Learning to Walk in the Dark
Barbara Brown Taylor (2014, HarperOne)

    We don't give darkness much time or space in our lives these days. Electric lighting first appeared fourteen decades ago, television and computers and smart phones within living memory; light follows us everywhere we go, in a way that is historically new. Like quiet, darkness is now something we have to go to some trouble to experience.

    In Learning to Walk in the Dark, Barbara Brown Taylor explores the consequences of this shift for the natural world, and for our spiritual lives within it. After she'd left her job as rector of an Episcopal Church in 1998, she and her husband moved to a farm in the hills of rural Georgia, where the Milky Way is actually visible, and it makes sense to notice the seasons of the moon. That the flood-lit neighbors down the road deny themselves this part of country life is a minor irritation, but not much of a surprise. They very likely have never lived with real nighttime darkness.

    Nor, if they happen to be churchgoers, have they heard anything positive about it. The usual servings of holy writings tend to lead to what Taylor calls the 'full-solar version of Christianity.' (We heard just such a reading in today's lectionary.

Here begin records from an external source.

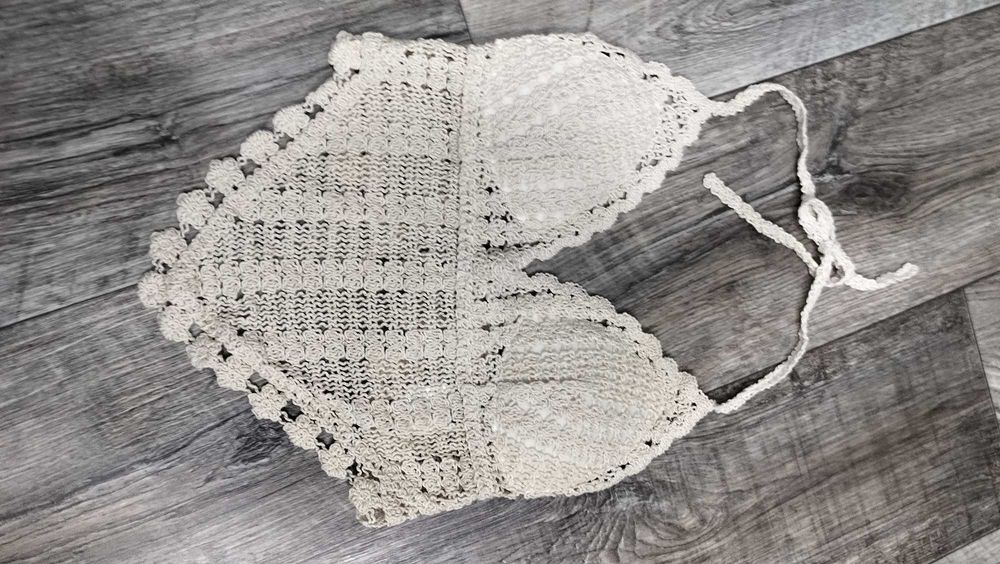 Кроп топ в'язаний майка пляжна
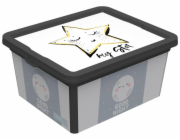Box úložný CUTE SKY 2,5 l/16,5x19x9,5 cm s víkem
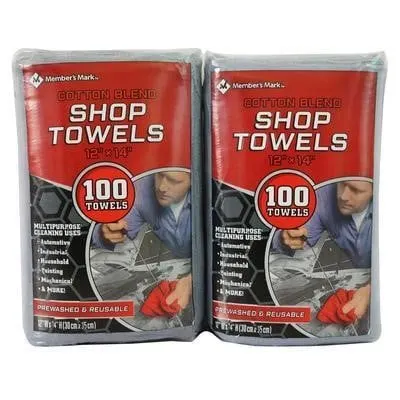 Shop Towels Blue 12x14 200ct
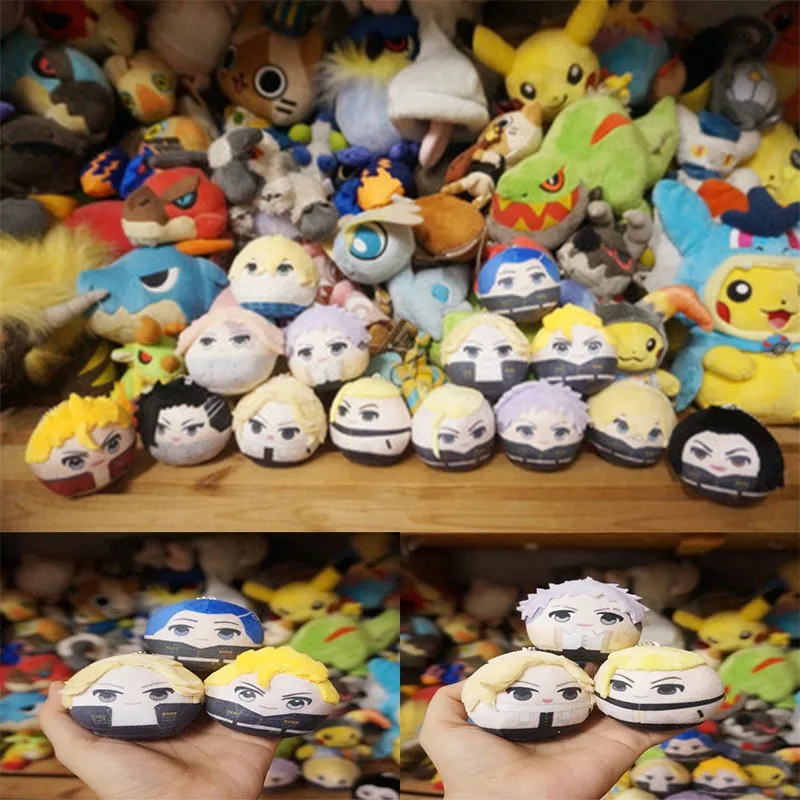 

6 см мини мягкие кулоны аниме Токио Мстители Sano Ken Keisuk маленькая плюшевая кукла брелок для ключей Детские коллекционные милые подарочные игрушки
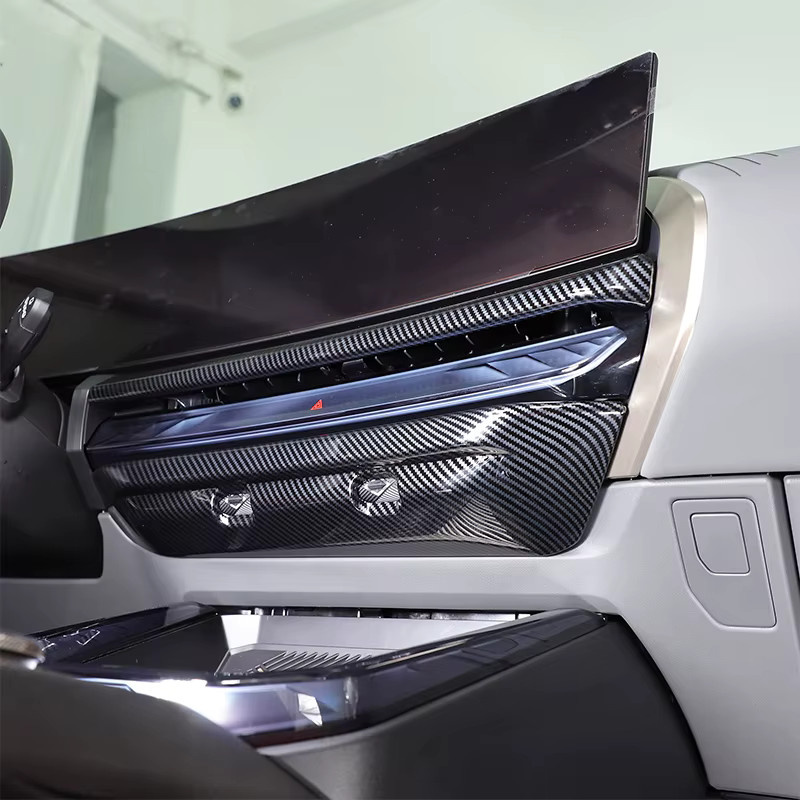 Suetlcoity Carbon Faser Zubehör für BMW X3 G45 2025 2026: Abdeckung für Center Konsole, Dashboard und Klimaanlage Air Outlet in Schwarz - Bild 3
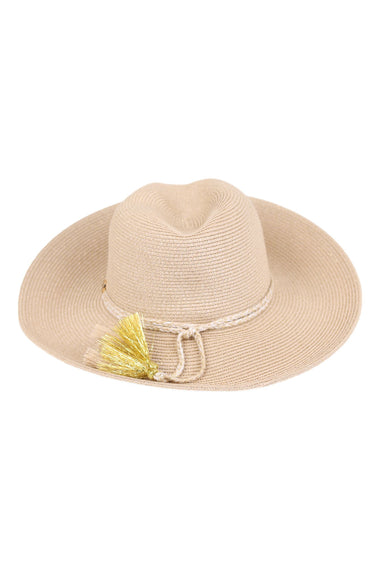 Collapsible Fedora Hat Gold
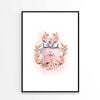 Luxury Perfume with Light Pink Flowers Design Print 100% Australian Made 60x90cm (Poster)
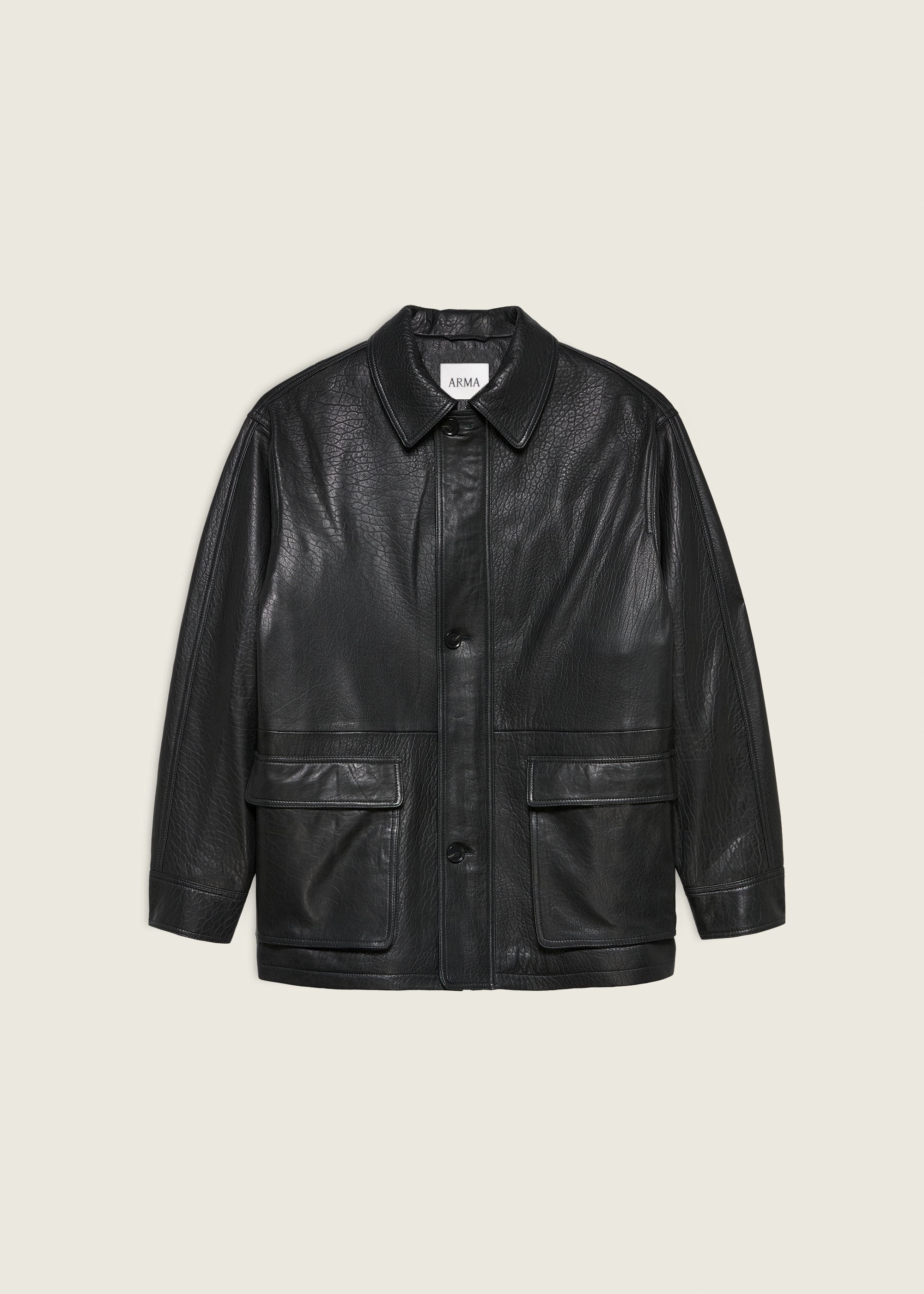 MAVIS | Leather jacket | Black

The twenty-second chapter of Revelation told of a vision that "there will be no more night; they need no light of lamp or sun.") In the fundamentalist youth group where Taylor first experienced Christianity, darkness was regarded as a thing to be avoided at all costs, and the precursor to eternal damnation.

    Yet, she says, "even in the Bible, that is not the whole story about darkness." Abraham met God by starlight, and his grandson Jacob wrestled all night with the angel, in a way that changed the whole story of the world. And when Moses made his covenant with God, in the presence of the people of Israel, a cloud obscured the mountain-top. "While this darkness is dangerous, it is as sure a sign of God's presence as brightness is, which makes the fear of it different from the fear of snakes and robbers."

    Darkness can be mystical, then, and even holy. There are truths to be found there that are unavailable to the bright light of day, like the stars that shine unseen overhead, at noon. Taylor goes into one of the great caves of West Virginia with a guide; they stop several times to sit in the dark. "There is no way to tell time, which means there is no rush. There is no light, which means that I do not have to worry about how I look. There is no one beside me, which means that I do not have to come up with something to say. Above all, there is no threat."

     And what of the darkness that is a threat, when loss, pain, or sorrow makes it seem like God has departed for good? We can pray to be able to pray; we can read Job and the Psalms, with more resonance than before; we can look for trusted guides. "For good or ill, no one can do your work for you while you are in this dark place. It has your name all over it, and the only way out is through."

     Such times come to all of us who live long enough, I think, and they are the crucible of wisdom. Taylor, now in her sixties, is wise about life, in a way I'm grateful for: "To be human is to live by sunlight and moonlight, with anxiety and delight, admitting limits and transcending them, falling down and rising up. To want a life with only half of these things in it is to want half a life."

    May we have grace to want a whole life.